Periodic Reporting for period 1 - PartialIO (Can less be more?: Semiparametric and partial identification in panel data discrete response models with an application to consumer demand)
Reporting period: 2021-09-01 to 2023-08-31
Traditional panel data discrete response models often use distributional and functional form assumptions for identification and estimation. If misspecified, these models can lead to interpretation and inference problems. Developing models that are flexible is thus very important since they can be applied to many different settings and datasets, making clear what can be tested and what conclusions can be drawn from the analysis. Getting a better understanding of how individuals make decisions is particularly important for society since this affects the success and effectiveness of the economic and policy decisions of firms and governments.
PartialIO’s overall objectives were the development and examination of new and less restrictive dynamic panel data discrete response models. These models would be applicable to consumer demand, capturing for example the role of inertia, habits and lock-in in choices. The project developed a new model where individuals base their decision on whether they switch from the option they chose last period, without imposing assumptions on the unobserved individual heterogeneity. The identification power of this model was examined, and although the model did not provide a single solution for the parameters of interest, identification bounds were derived under different scenarios.

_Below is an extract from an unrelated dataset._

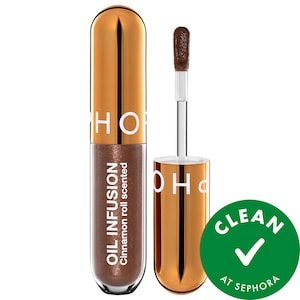 Cinnamon Roll Oil Infusion Lip Oil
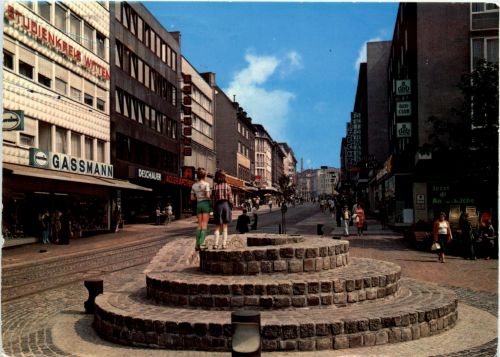 Witten - Bahnhofstrasse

Dissemination and communication activities included several presentations at conferences and invited seminars, and the organization of one international conference and one international workshop. The project’s activities were promoted and a working paper with the project’s main results was made publicly available on the fellow’s personal webpage.
The methodologies in the project can form the basis for a broad spectrum of theoretical and applied research in econometrics and microeconomics. Discrete response data is found in many applications including marketing, industrial organization, health and labour economics. Getting a better understanding of how individuals make decisions over time can have potential impact on the economic decision and policy making process of firms and governments.